### WHAT THIS TASK INVOLVES:
Return the entries that follow exactly, with no images.

Stored items
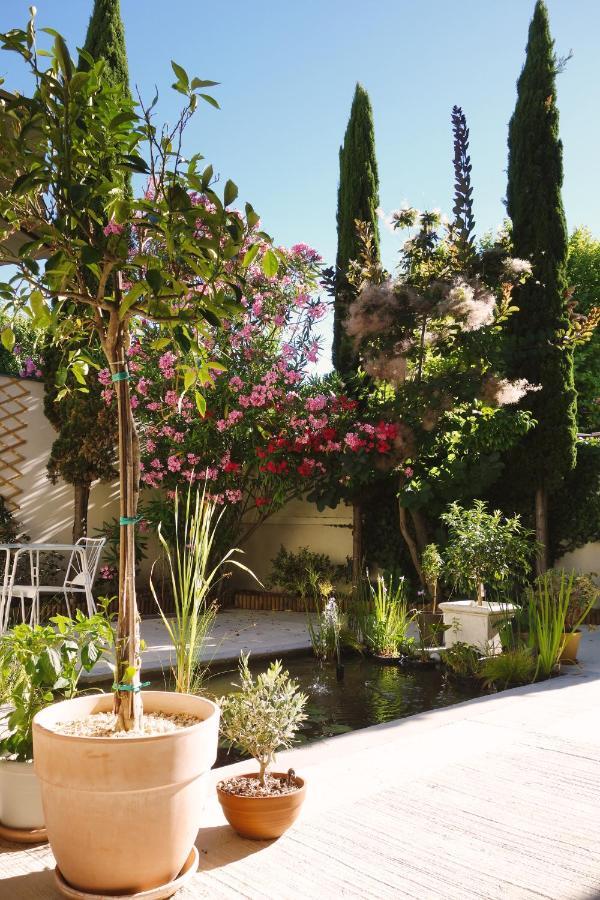 Villa Domicila Dore Vaison-la-Romaine Bagian luar foto
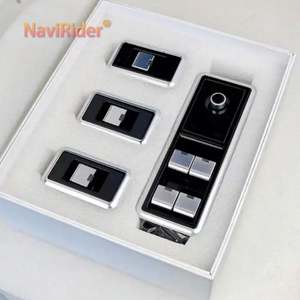 Interrupteur de lève-vitre de voiture amélioré pour Land Rover Range Rover Vogue L405 Sport L494 - Product Image 2
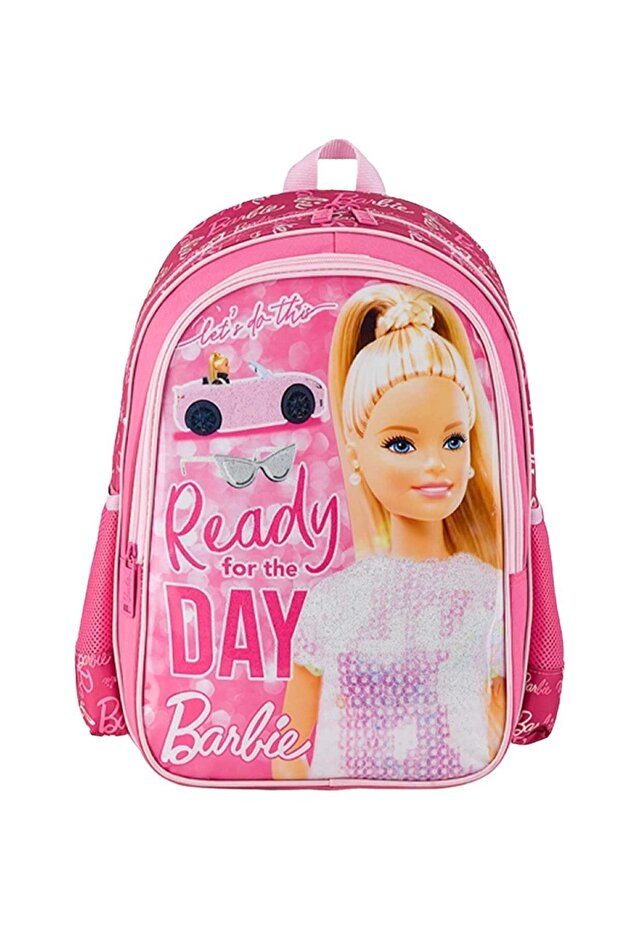 Girl Barbie Hawk Ready Primary School Bag OTTO-48193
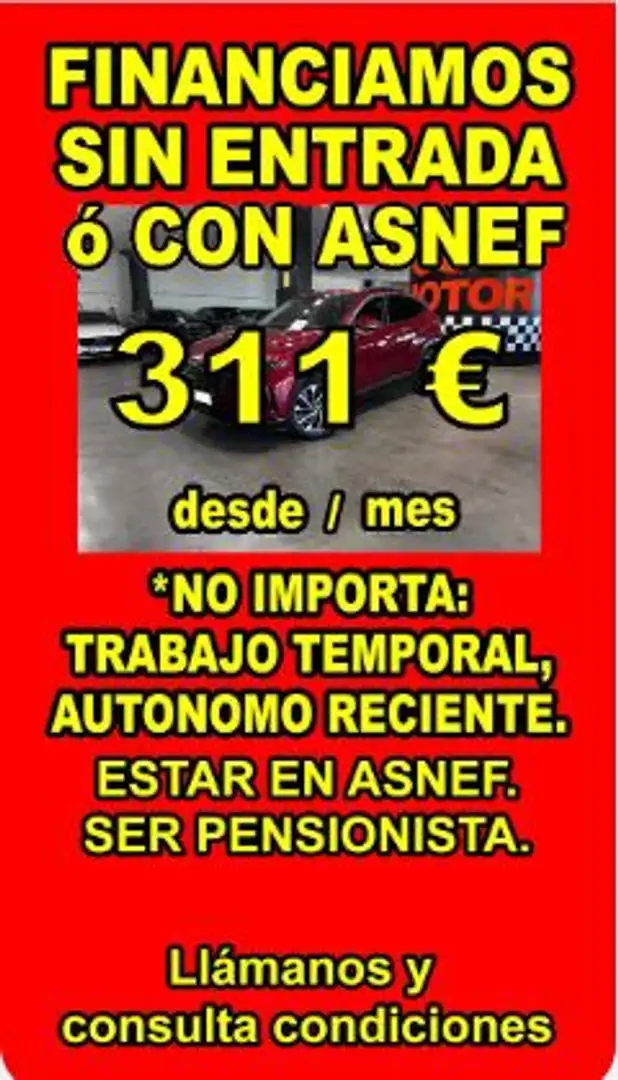 Hyundai TUCSON 1.6 TGDI 48V Maxx 4x2 Burdeos - 1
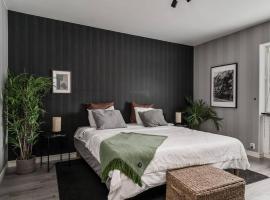 Gylle Luxe Retreat, acomoda&ccedil;&atilde;o em Borl&auml;nge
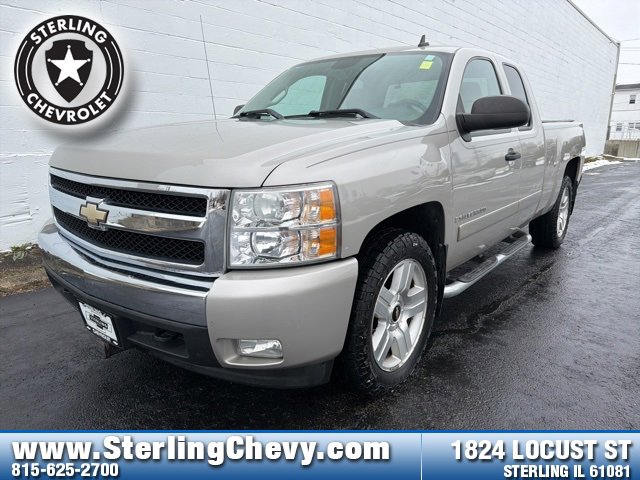 Used 2008 Chevrolet Silverado 1500 LT w/ All Star Edition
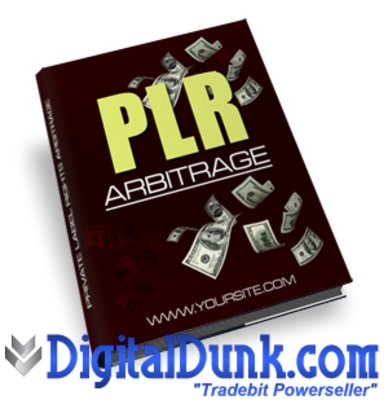 Product picture PLR Arbitrage 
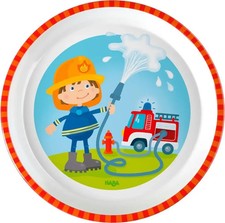 Teller Feuerwehr | Deutsch |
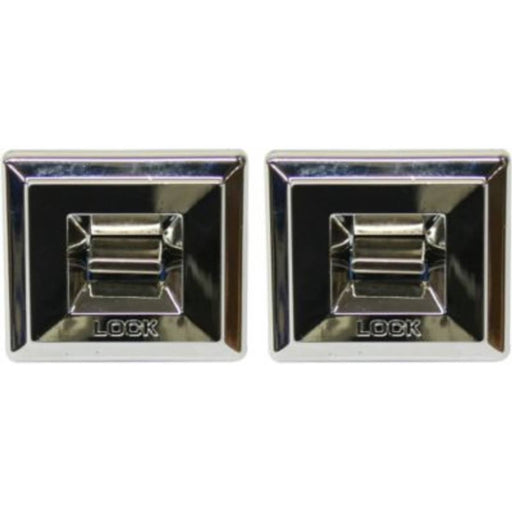 DURAFORCE Power Door Lock Switch Pair For 1982-86 Chevy GMC C/K10 20 30 C/K1500 2500 3500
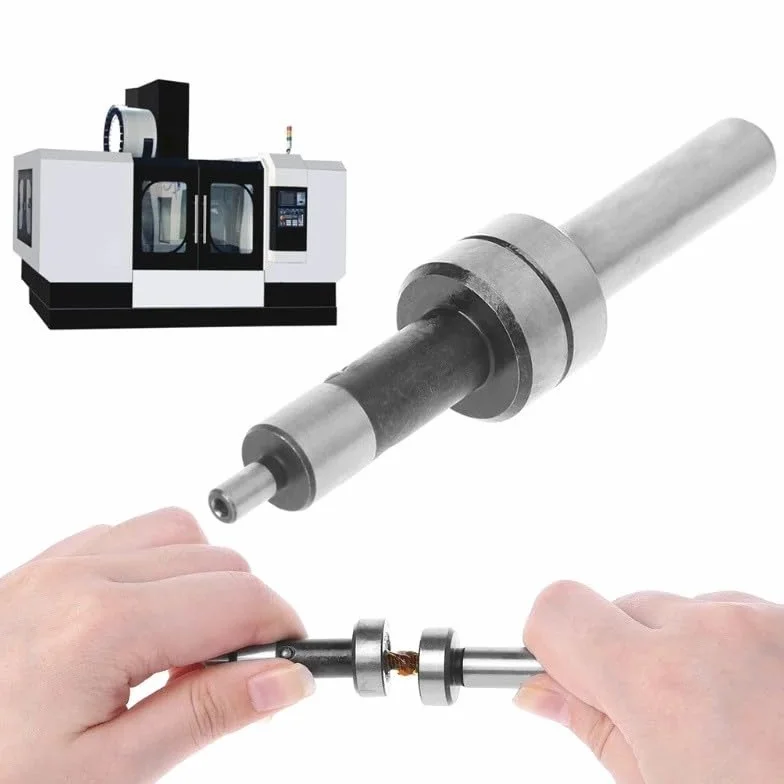 Cercatore meccanico del bordo per fresatrici CNC, precisione 0.005mm, gambo 10mm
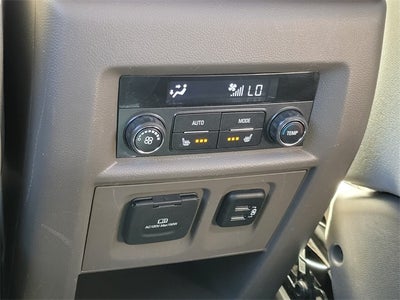 2018 Chevrolet Traverse Premier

### TASK RESULT:
 Villa Domicila Dore Vaison-la-Romaine Bagian luar foto
 Interrupteur de lève-vitre de voiture amélioré pour Land Rover Range Rover Vogue L405 Sport L494 - Product Image 2
 Girl Barbie Hawk Ready Primary School Bag OTTO-48193
 Hyundai TUCSON 1.6 TGDI 48V Maxx 4x2 Burdeos - 1
 Gylle Luxe Retreat, acomoda&ccedil;&atilde;o em Borl&auml;nge
 Used 2008 Chevrolet Silverado 1500 LT w/ All Star Edition
 Product picture PLR Arbitrage 
 Teller Feuerwehr | Deutsch |
 DURAFORCE Power Door Lock Switch Pair For 1982-86 Chevy GMC C/K10 20 30 C/K1500 2500 3500
 Cercatore meccanico del bordo per fresatrici CNC, precisione 0.005mm, gambo 10mm
 2018 Chevrolet Traverse Premier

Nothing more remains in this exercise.